He also prodded Gov. Pedro P. Tenorio, who has yet to even sign the newly passed budget bill, against exercising his authority in contracting lobbyists without adhering to CNMI procurement regulations.

At the same time, the Senate adopted resolution he authored clarifying its intent on agreeing with the House on such provision which was a result of the compromise agreement reached by both chambers on the proposed budget.

The administrative provision under Section 532 of the budget bill appropriates $700,000 for the lobbying campaign and allows the governor to sole-source any contract. It does not have fiscal year limitation, which means the funds can be used to pay previous services.

With four months to go into the current fiscal year, this could result to $175,000 monthly expenditures if the intention is to use all the funding up to September this year, according to Mr. Reyes.

“If this is the case, when you annualized the funding for this purpose, it represents $2.1 million per year,” he said in a speech before the Senate’s passage of the budget. “We are back to former Governor Froilan Tenorio administration’s practice.”

The senator, who is a member of the joint House-Senate committee that hammered out the consensus budget, said the bicameral body had agreed to have the lobbying services contract be bid out, but the deal was changed to sole-sourcing in the final draft of the budget.

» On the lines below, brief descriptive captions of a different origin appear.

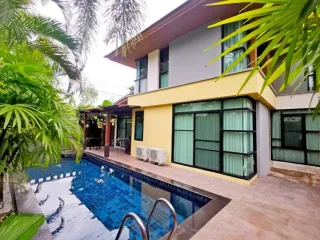 À louer 4 chambres maison à Bang Lamung, Chonburi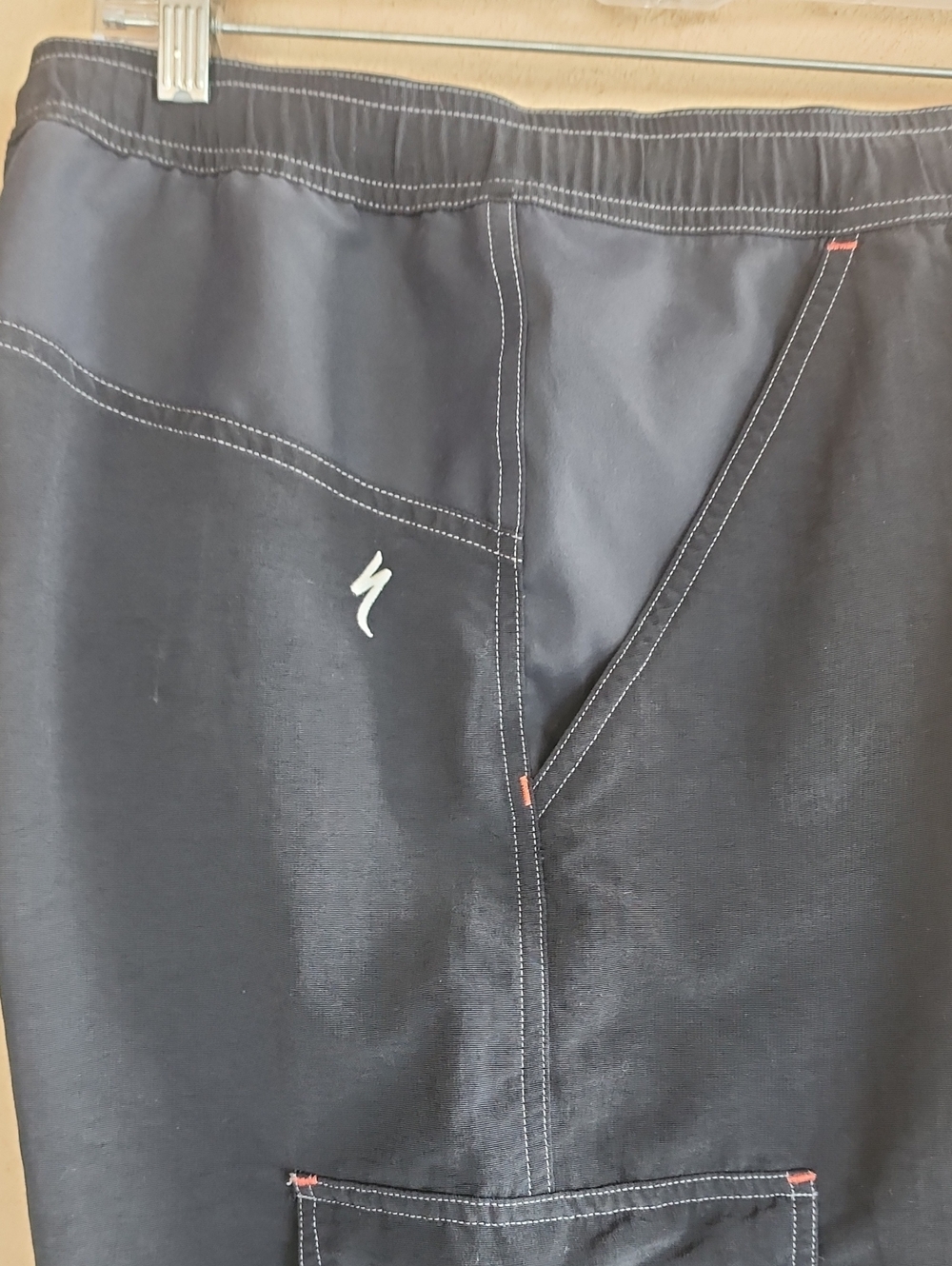 VINTAGE SPECIALIZED Black Nylon Cargo Shorts Mens XXL 38 40 Cycling Hiking Bike - Picture 7 of 8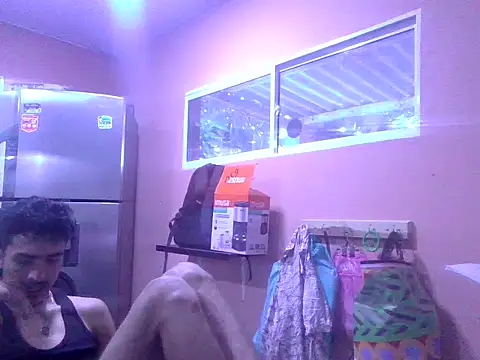 jeremy scott online show from 09-28-25, 03:52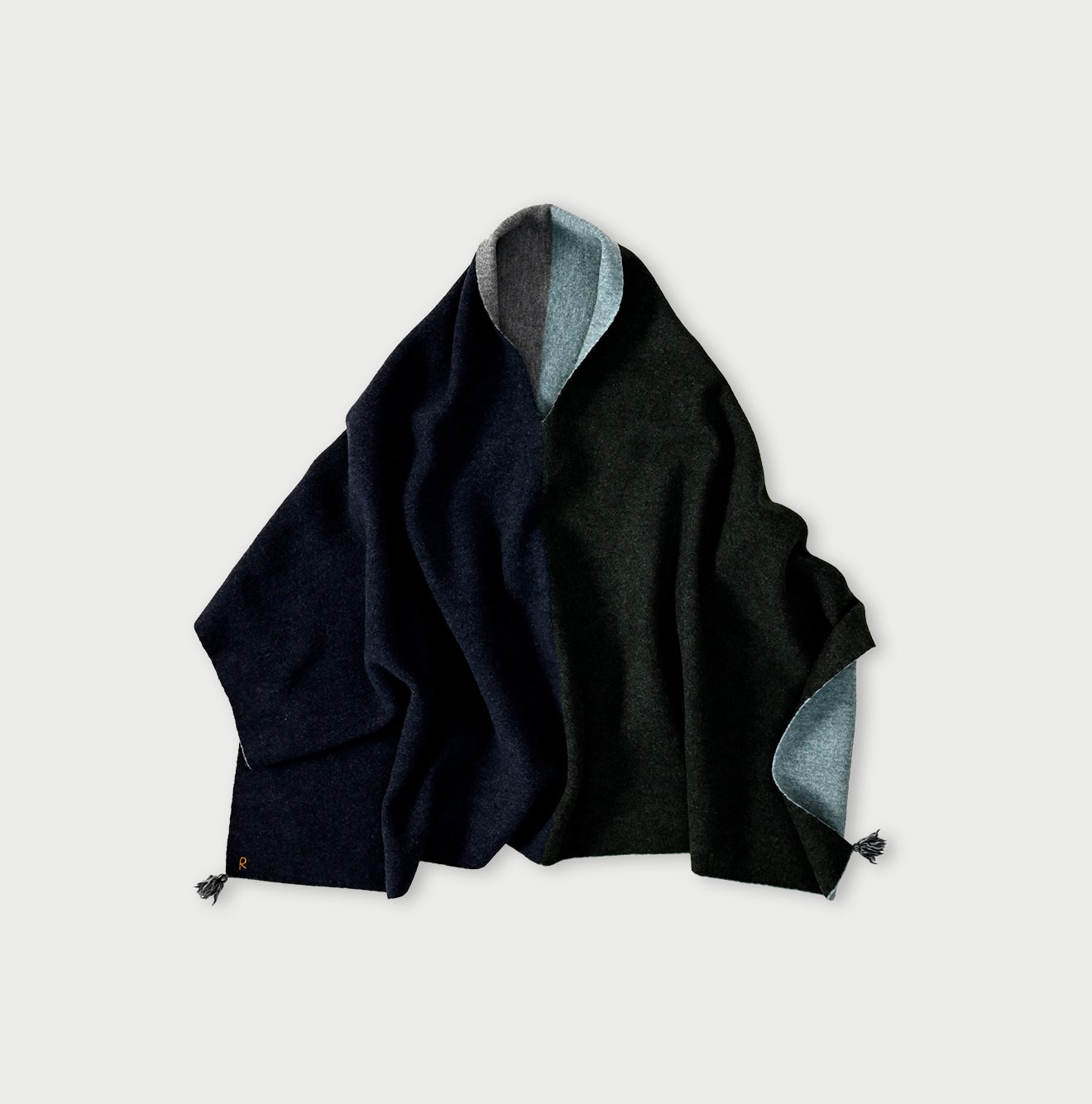 45R ポンチョ Float Double-sided Poncho | 45R Official Online Store – 45R GLOBAL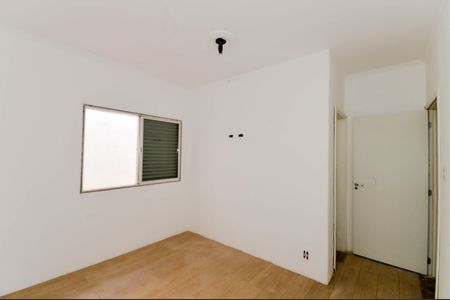 Casa à venda com 223m², 4 quartos e 3 vagasQuarto 4 - Suíte
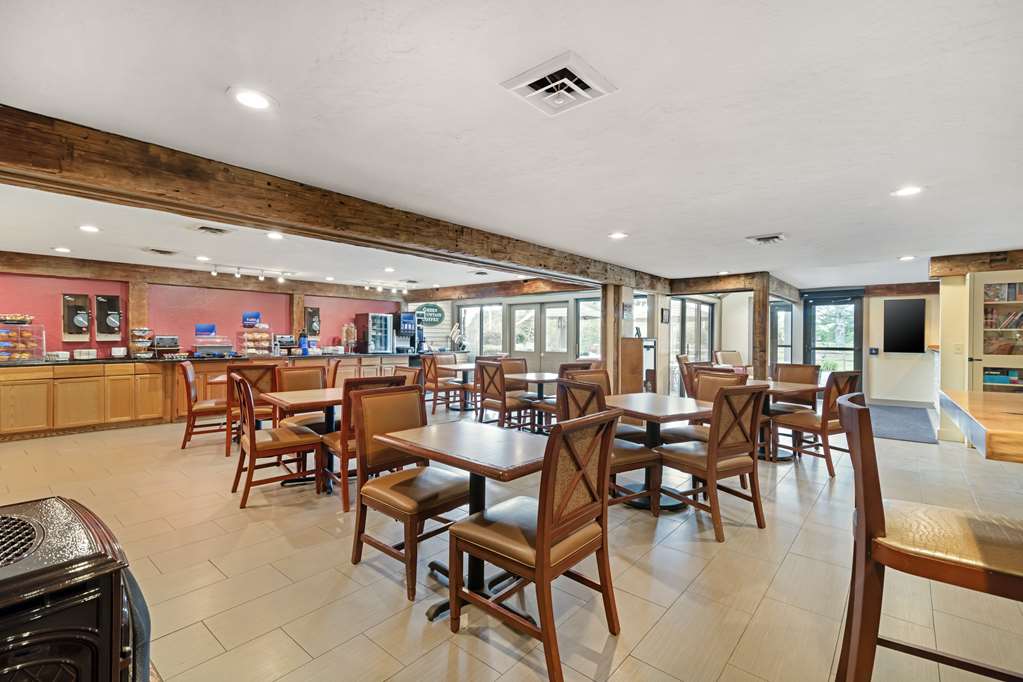 Best Western Inn & Suites Rutland Killington - photo 38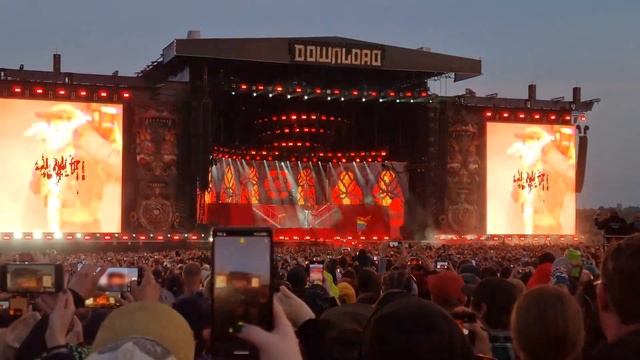 Bring Me The Horizon - Download Fest Opener + 'AmEN!' смотреть онлайн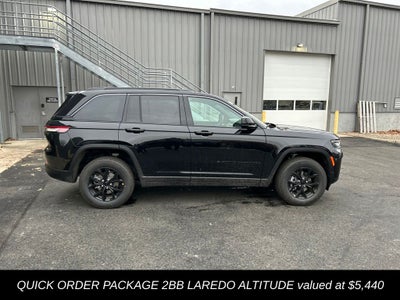 2026 Jeep Grand Cherokee Laredo
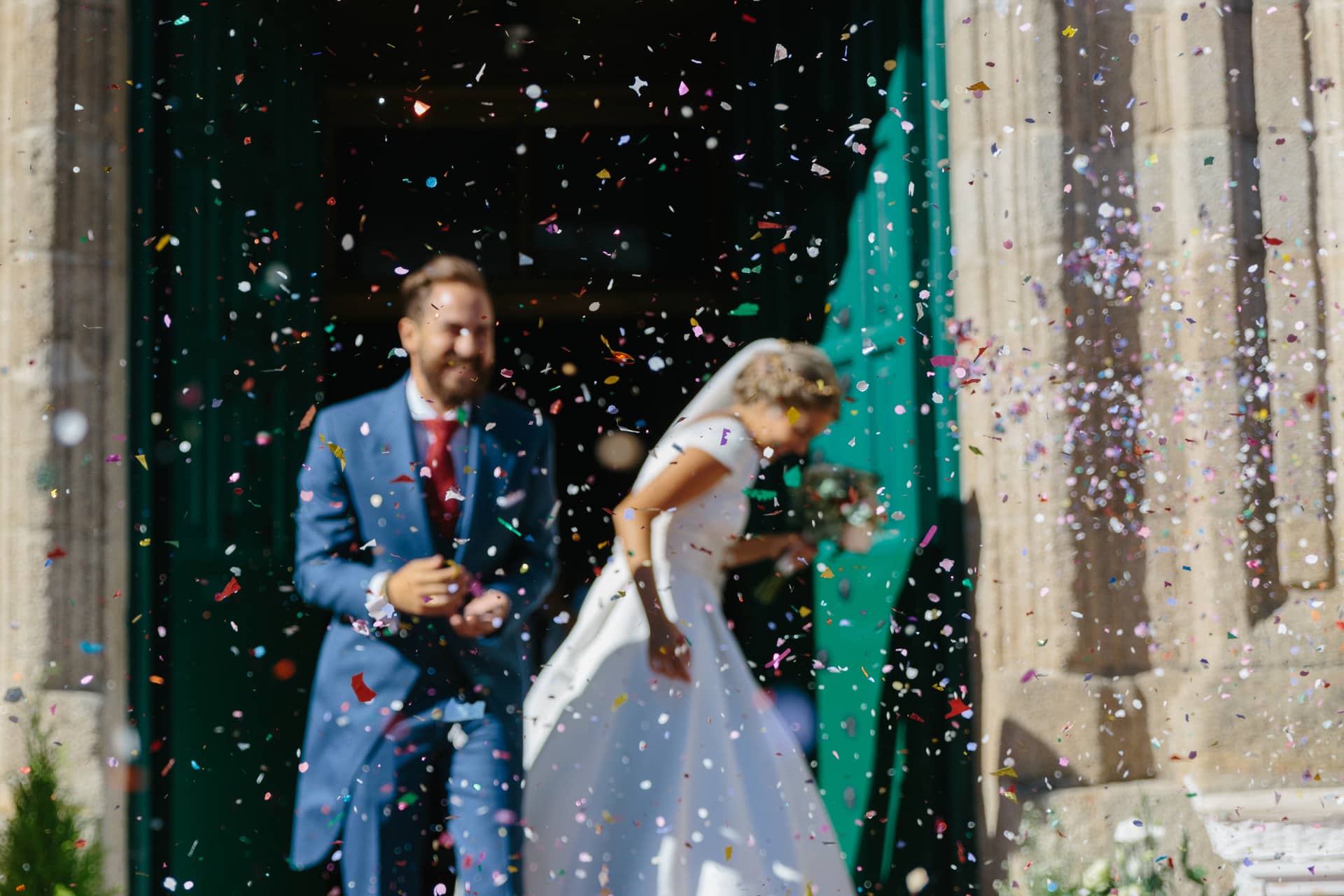 Confetti bodas Iglesia-Love Lovely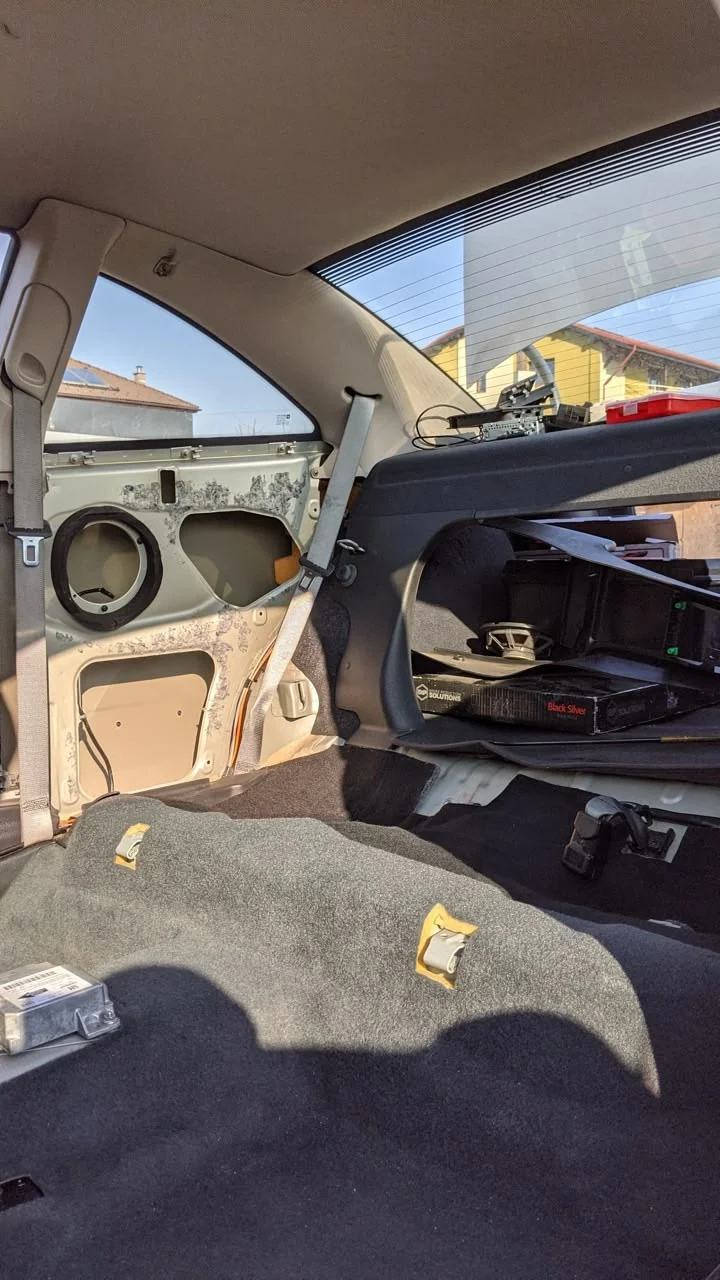 Restaurarea unui Opel Astra G Bertone: In căutarea perfecțiunii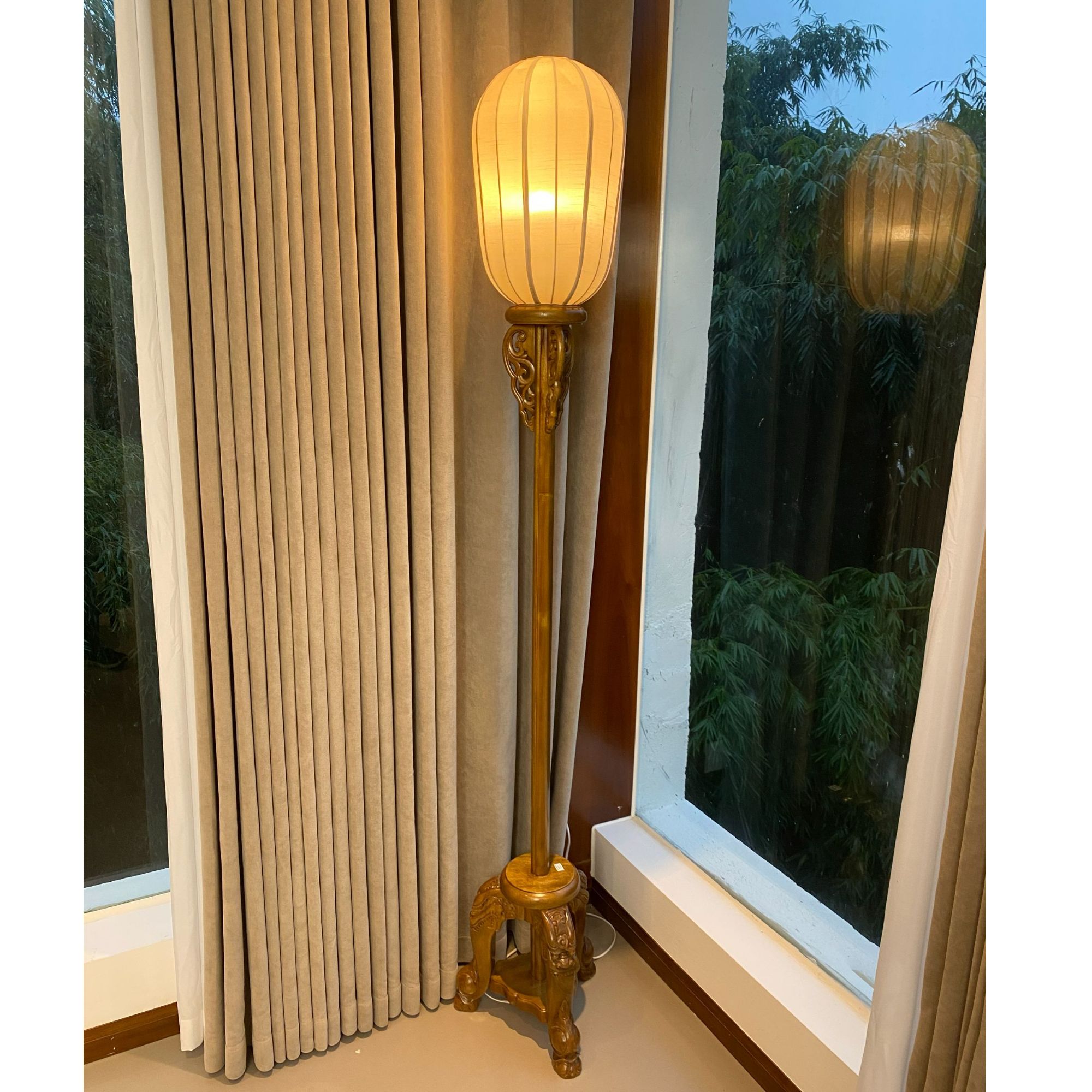 金丝楠（小叶桢楠）老料兽足宫灯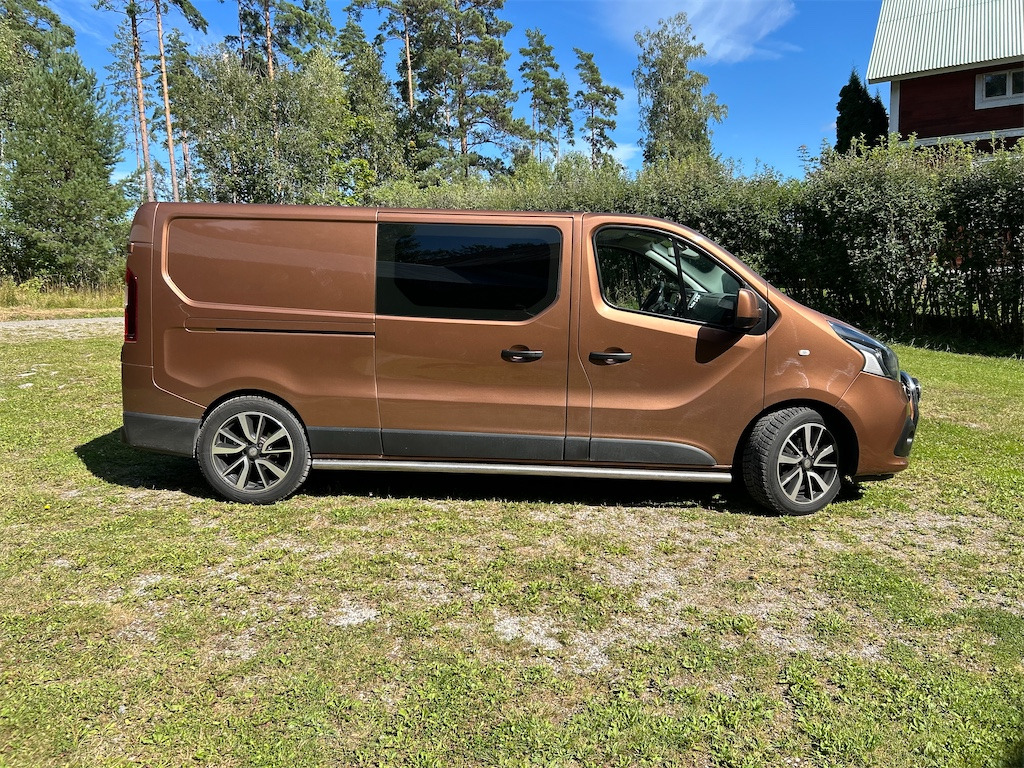RENAULT TRAFIC KOMBI - Combi van: picture 2 RENAULT TRAFIC KOMBI - Combi van: picture 2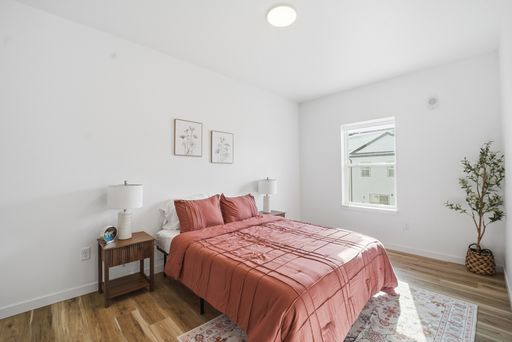 Listing photo thumbnail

“This is contrary to everything that we stand for and most especially our commitment for compliance to the government procurement regulations,” he said.

“Although this bill appropriates the $700,000, our governor is reminded of his austerity program and the fact that the appropriation… does not mean that it has to be obligated to one single lobbying firm or to be expended in its entirety prior to the end of the fiscal year,” added Mr. Reyes.

The Senate resolution, on the other hand, underscored its position on how the funds will be spent, noting that lobbying services are not for single contract and the money is not to be used for payment of services prior to FY 2000.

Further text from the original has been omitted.